The brushes you mentioned sound like water brushes – they each contain a small reservoir. These are good when you’re traveling and don’t want to carry around an extra container of water. Some of these brushes are getting more advanced now, and they allow you to vary how much water is drawn into the tip, but most don’t allow you to do this. This can represent yet another hurdle for beginners as it’s difficult to impossible to pull off some techniques like dry-brush. You can still try them out and see how they work, I have some myself, but use them more for pen and wash illustrations where I’m essentially coloring in an ink drawing.
I’d recommend getting some watercolor-specific brushes as they are designed to hold water and distribute it evenly across the paper.
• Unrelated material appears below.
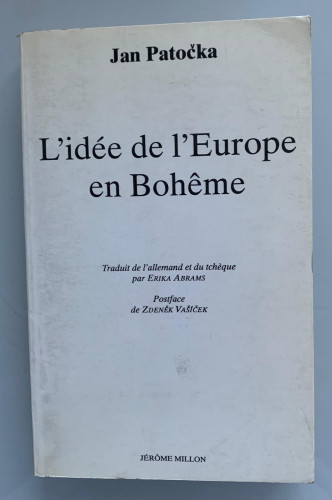 Portada del libro de L'IDÉE DE L'EUROPE EN BOHÊME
Some synthetic acrylic-based brushes are OK for watercolors. But those hog bristled ones won’t work – they’re designed to pick up thick paste-like paint, not water.
4. What are the sponges for?
Sponges/cloths can be used to dry off your brush and vary the amount of water you’re using. This is important because you need to use an appropriate amount of water for the subject or feature you are painting. For example, if I’m painting a large sky area, I’ll need to fully saturate my brush, but if I wanted to add some small darker clouds into the sky, I’d dry off my brush a little to have more control over the size of those clouds and avoid creating ‘blooms/cauliflowers’ (these occur when the area you are painting into has LESS water or is drier than your brush).
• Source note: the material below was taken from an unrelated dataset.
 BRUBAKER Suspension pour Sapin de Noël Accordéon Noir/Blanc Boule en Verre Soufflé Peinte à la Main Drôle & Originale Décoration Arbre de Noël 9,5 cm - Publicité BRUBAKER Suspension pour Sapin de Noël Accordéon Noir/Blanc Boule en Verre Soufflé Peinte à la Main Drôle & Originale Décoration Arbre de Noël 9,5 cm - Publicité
I also use small cloths/tissues to soak up the pigment in areas when I make a mistake (immediately press onto the paper and lift). I also use this as a technique to lift paint to imply soft shapes like white clouds.
5. Do I have to buy new colors or is there a way to make them? (I might just be struggling with blending here) with acrylics, it’s easy to add white or black or change the tone of a color, but I seem to be struggling to do that with my watercolor pallets.
I bought sets of paint with a ridiculous number of colors in them when I started out and realized I only use about 5 colors in all of my paintings! I’m also assuming you have some good student/artist grade watercolor paint/paper which makes a world of difference.
To lighten a color, all you have to do is add water. The more water you add, the lighter the color. To darken a color, you can use a thicker mix of the paint or buy a bottle of neutral tint/gray and mix it with your color. You can mix your own grays by combining all three primaries.
What complicates things, is that watercolor paint dries LIGHTER than what it looks like when you place it on the paper. So it’s a factor you have to take into account. Try to paint slightly darker so that it dries at the tone you want. Starting with 3-6 primaries (you can get a warm and cool version of each primary) will allow you to mix almost any color. Add some neutral tint and maybe a couple other convenience/favorite colors like sap green, lavender and you have everything you need. You can try to search up some articles on color mixing and color theory, which should show you how to mix specific colors.